Sunday, June 14, 2009

No Bid From CNOOC On Addax, But It's A Complex Game

Despite an enormous amount of published specualtion, Sinopec to date has made no offer for Addax, according to late reports Sunday night from Bloomberg News. That development will probably trigger a sell-off Monday morning, following a 10% share-price decline on Friday. The backtracking should not go very deep, hpowever, and we would tend to believe that with drilling just months away, it may not drop below $0.50 on this latest retrenchment.

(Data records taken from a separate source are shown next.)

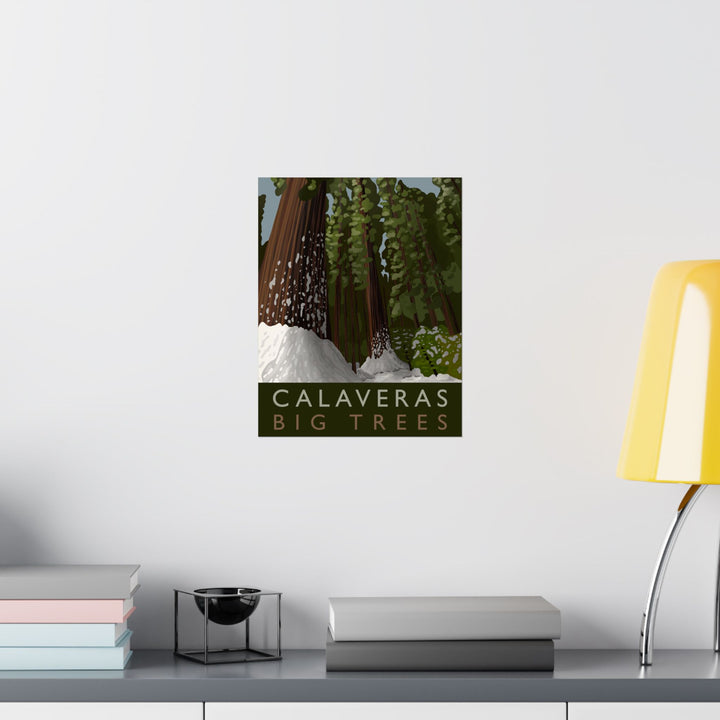 Calaveras Big Trees Print – Unframed Wall Art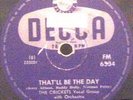 CRICKETS - That'll Be The Day - on SA DECCA 78 rpm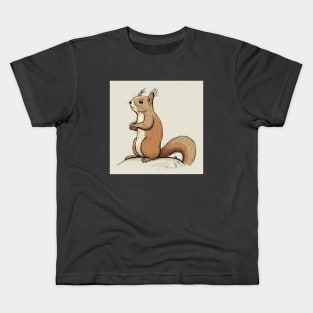 Siberian Red Squirrel Kids T-Shirt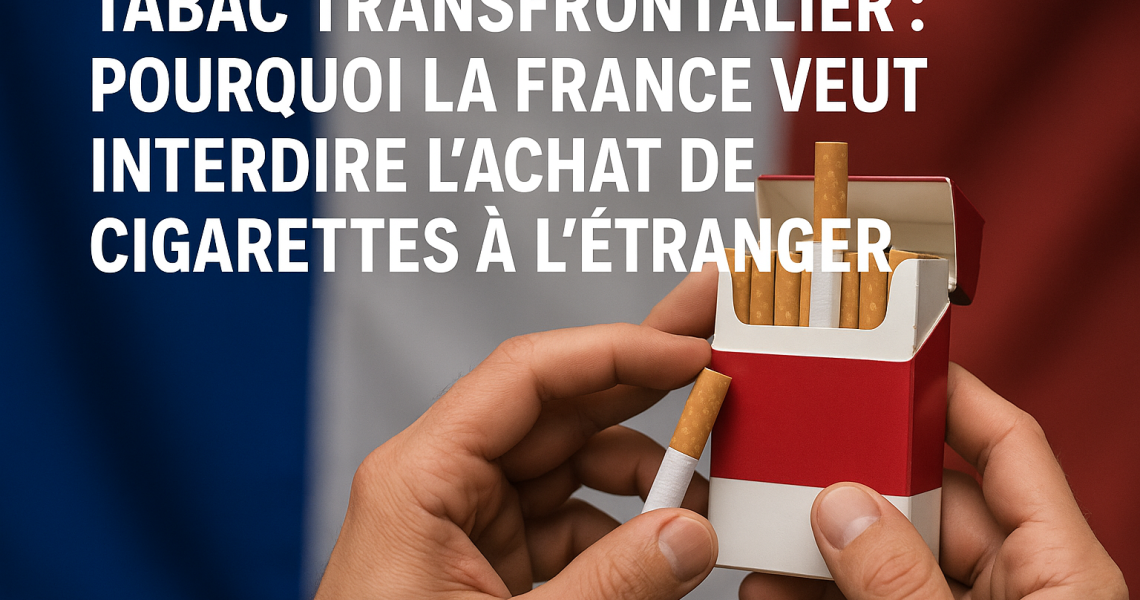 interdiction d'acheter des cigarettes pour les personnes transfrontalier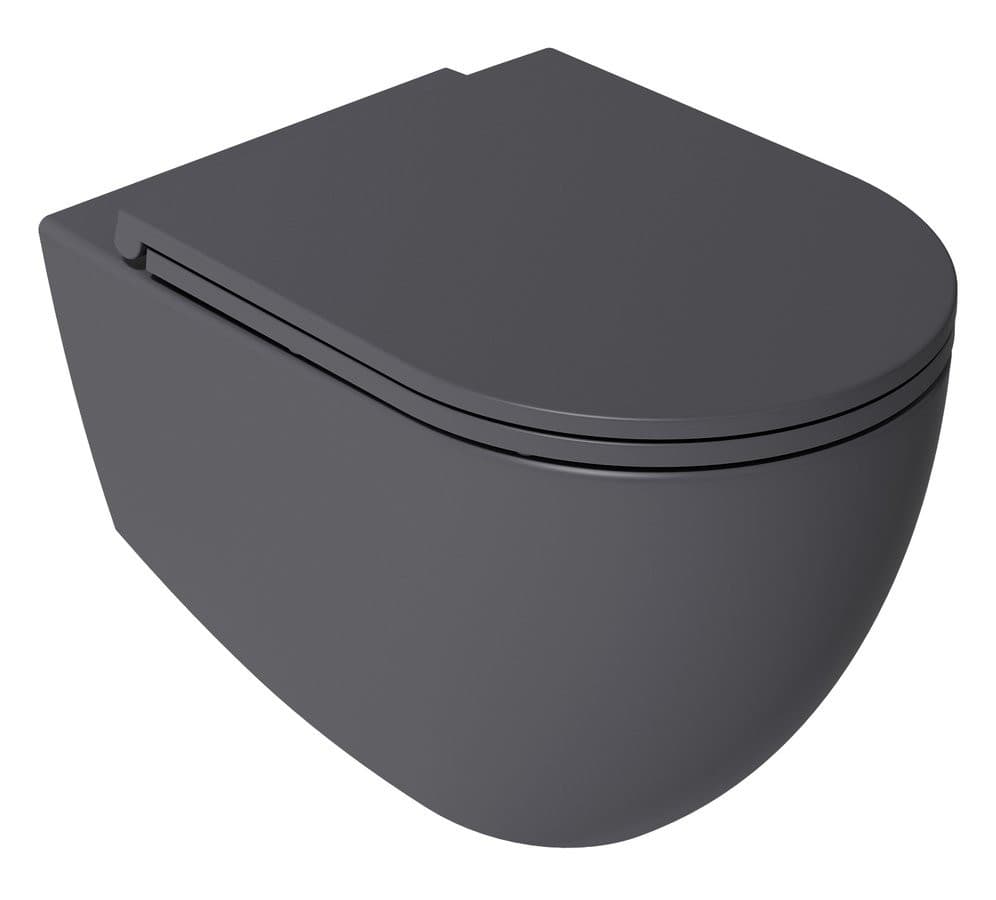 INFINITY Deska WC SLIM, Soft Close, Easy Take, antracyt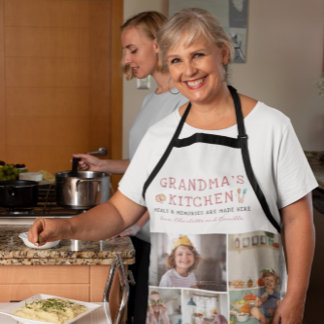 Grandma's Kitchen | 8 Photo Personalized Apron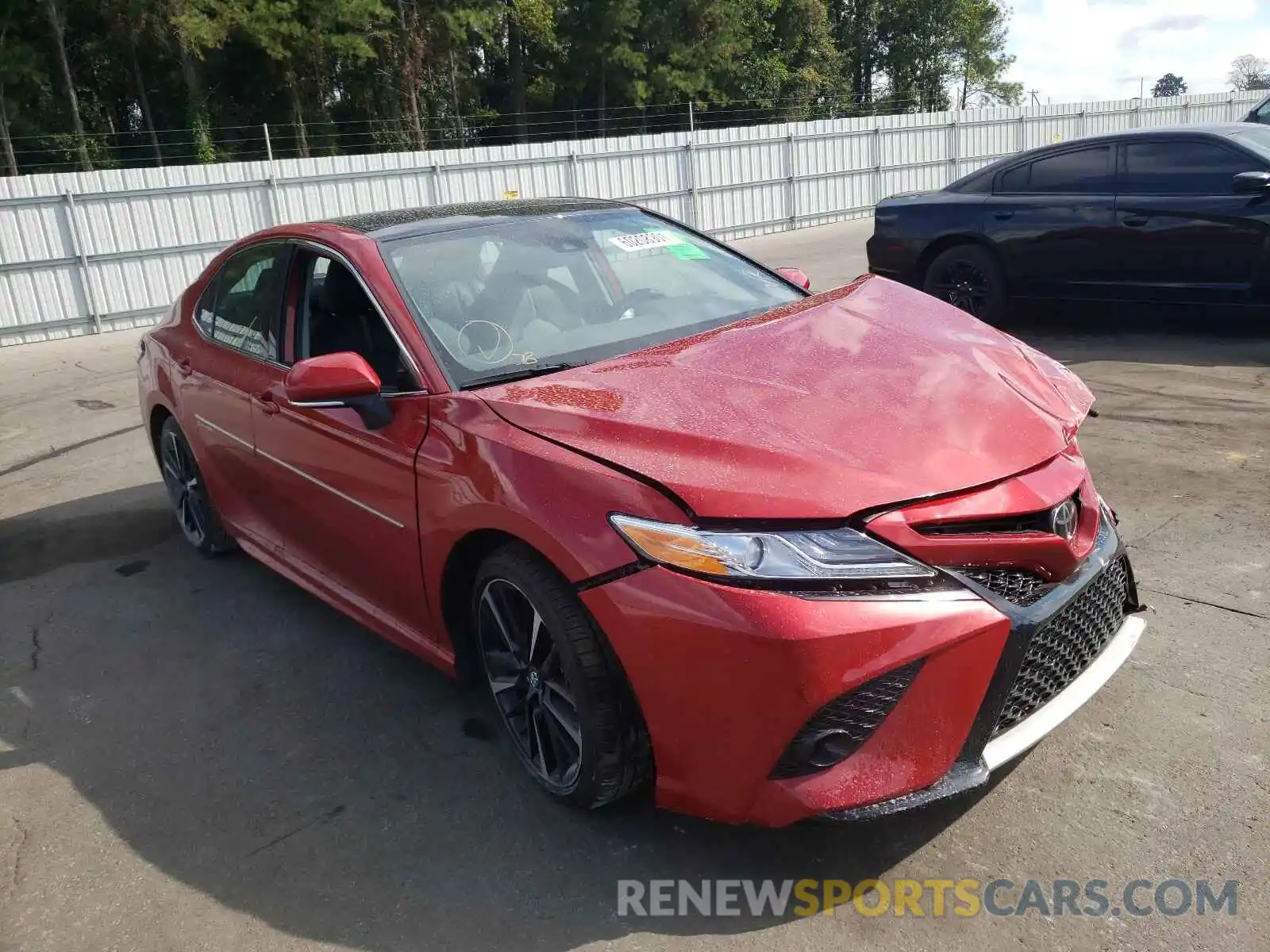 1 Photograph of a damaged car 4T1K61AK1LU307683 TOYOTA CAMRY 2020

Sinopec is obviously wary about all the unknowns involved in ther Addax deal, including the largest one of all - how much oil is in Blocks 2 and 4, the principal assets of Addax in the Gulf of Guinea Joint Development Zone. However, if CNOOC-Sinopec truly wants to be well-placed in the event the most prospective Blocks are sitting on an elephant-size field, it can't delay too long without riskling a re-entry by Chevron and ExxonMobil, both of who would be likely bidders at a lower share price.

Chevron, in what may be one of the best poker bluffs of all time, has indicated it will not be drilling any longer on Block 1 because what was first reported in the Wall Street Journal as a billion-dollar findwas not "commercially viable." But it may be that Chevron hoped to bring down the price for Blocks 2 and 4, having contemplated a check-and-raise strategy all along.

In that circumstance, the American oil giant would end up with all the big pieces - the whole pot really - and then resume its work on Block 1 as well. It's unclear whether the JDZ would go along with developments like those, though.

Frankly, we would also not put it past China to have already used some advance technology to do its own independent mapping of the JDZ via a submarine stealthily introduced into the Gulf. If Sinopec has decided the Blocks were oversold by Nigeria, they may want a bargain-basement price. Of course, Chevron might have asked the U.S. Navy for the same kind of clandestine help. It could have been the secret part of the U.S. Navy visit to the region more than a year ago, during Dick Cheney's secretive reign.